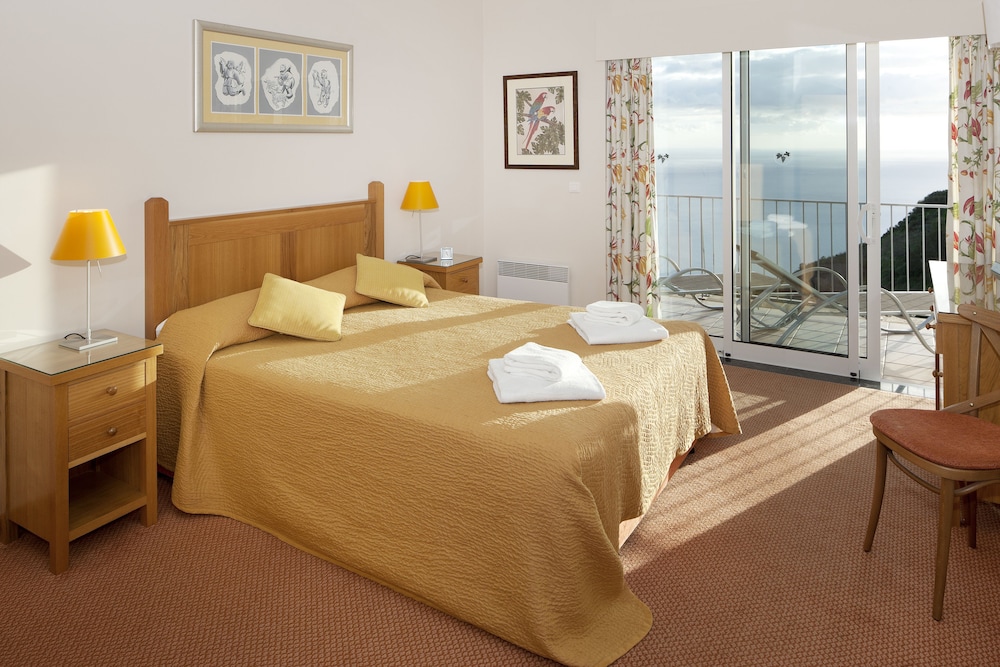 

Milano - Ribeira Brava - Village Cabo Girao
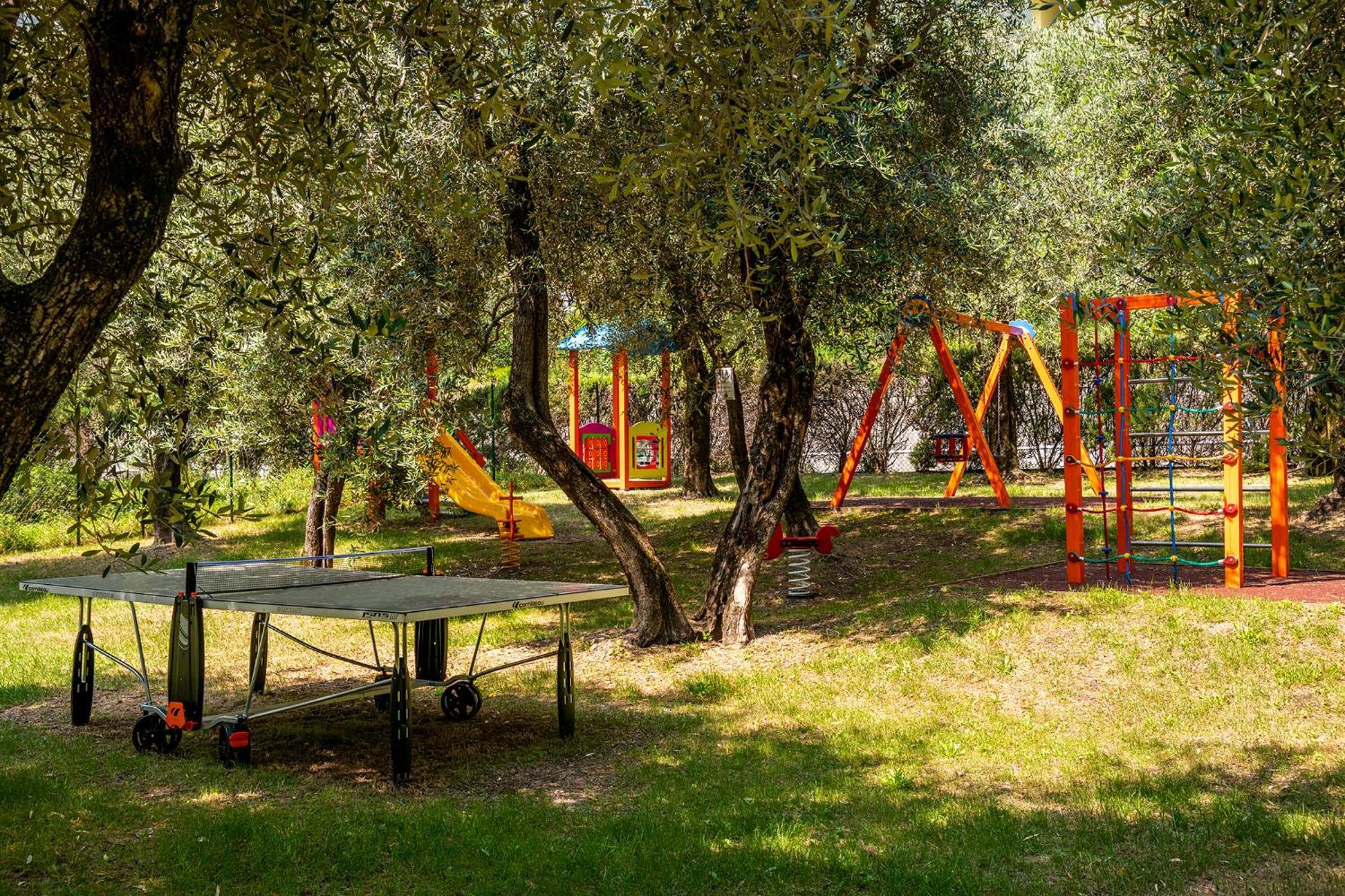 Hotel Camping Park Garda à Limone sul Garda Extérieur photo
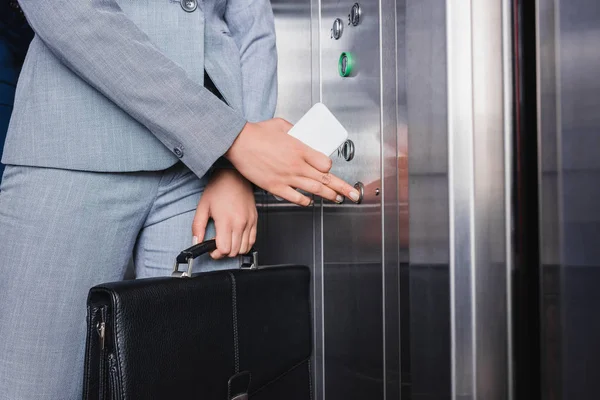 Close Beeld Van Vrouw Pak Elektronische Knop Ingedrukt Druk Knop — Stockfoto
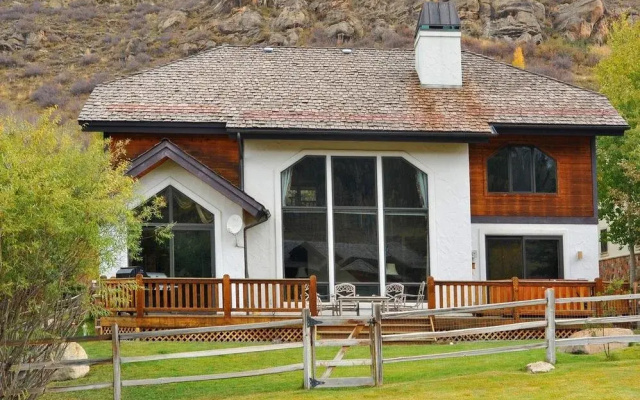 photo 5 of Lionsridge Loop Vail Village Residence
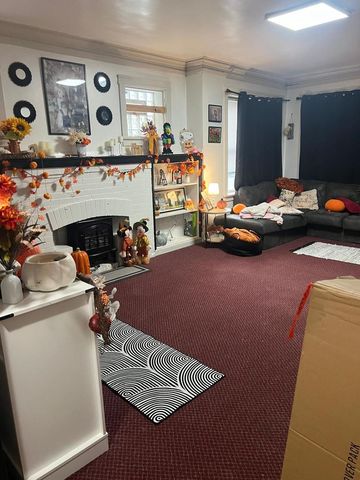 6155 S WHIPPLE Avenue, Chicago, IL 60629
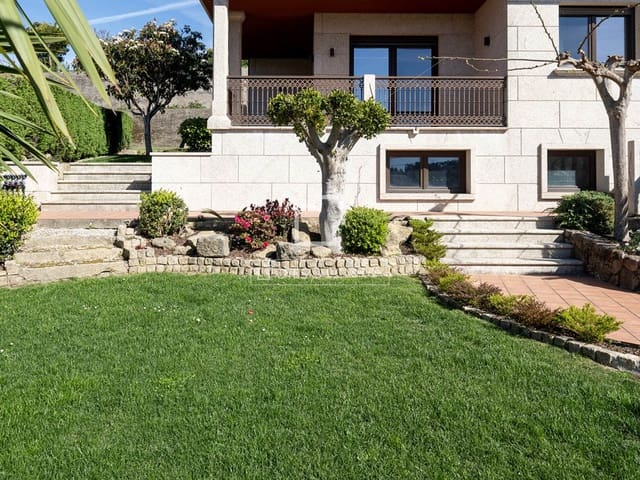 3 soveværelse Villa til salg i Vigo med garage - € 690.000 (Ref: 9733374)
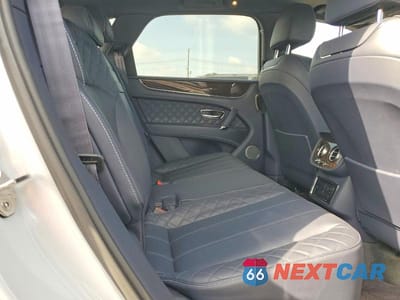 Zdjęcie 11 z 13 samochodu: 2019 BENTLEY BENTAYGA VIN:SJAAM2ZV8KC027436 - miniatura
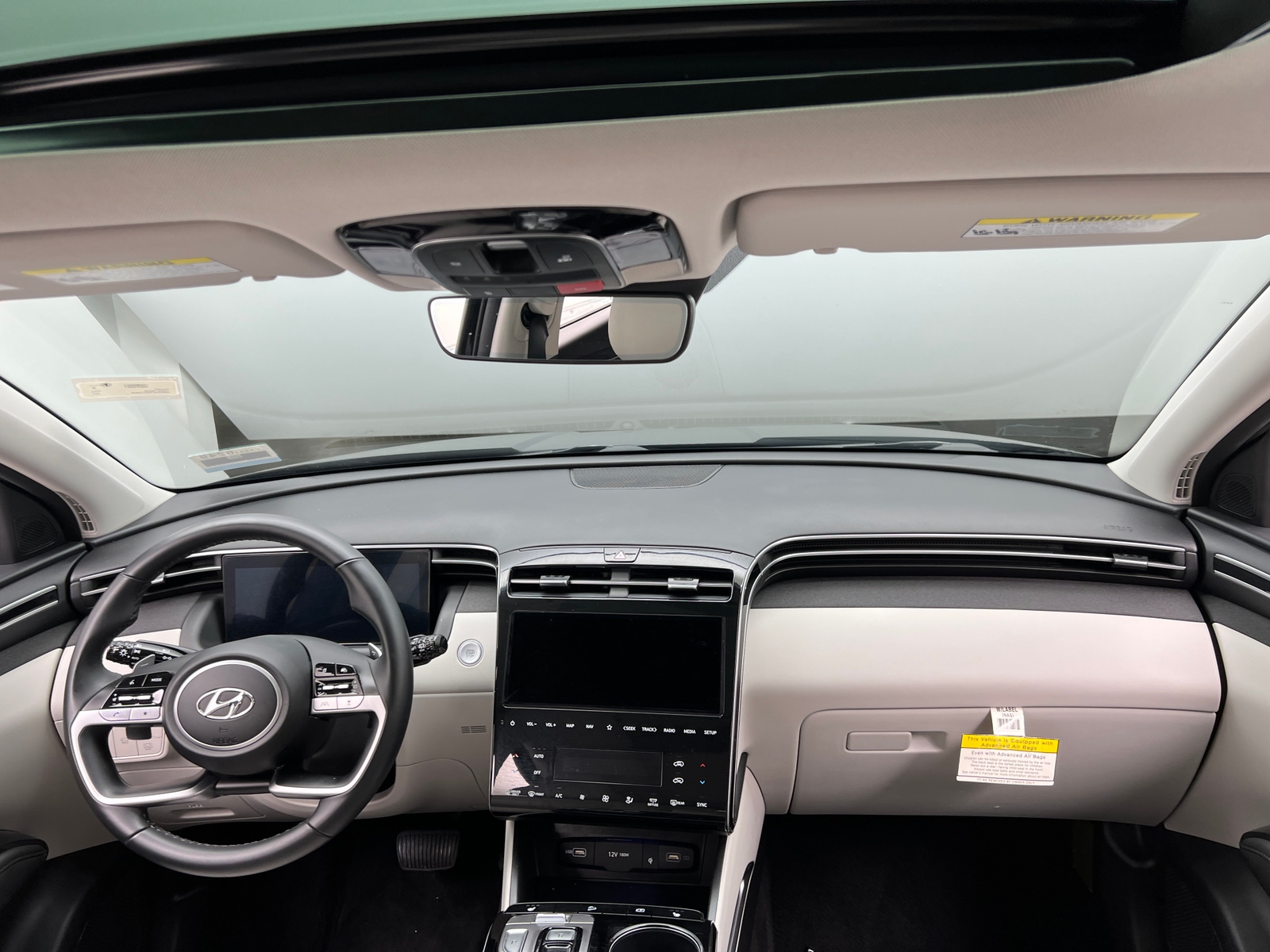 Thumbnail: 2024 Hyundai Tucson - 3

→ Exercise aim:
Where an entry holds an image, drop the image and copy the remaining text exactly.

→ Exercise answer:
Milano - Ribeira Brava - Village Cabo Girao
 Hotel Camping Park Garda à Limone sul Garda Extérieur photo
 Close Beeld Van Vrouw Pak Elektronische Knop Ingedrukt Druk Knop — Stockfoto
 photo 5 of Lionsridge Loop Vail Village Residence
 6155 S WHIPPLE Avenue, Chicago, IL 60629
 3 soveværelse Villa til salg i Vigo med garage - € 690.000 (Ref: 9733374)
 Zdjęcie 11 z 13 samochodu: 2019 BENTLEY BENTAYGA VIN:SJAAM2ZV8KC027436 - miniatura
 Thumbnail: 2024 Hyundai Tucson - 3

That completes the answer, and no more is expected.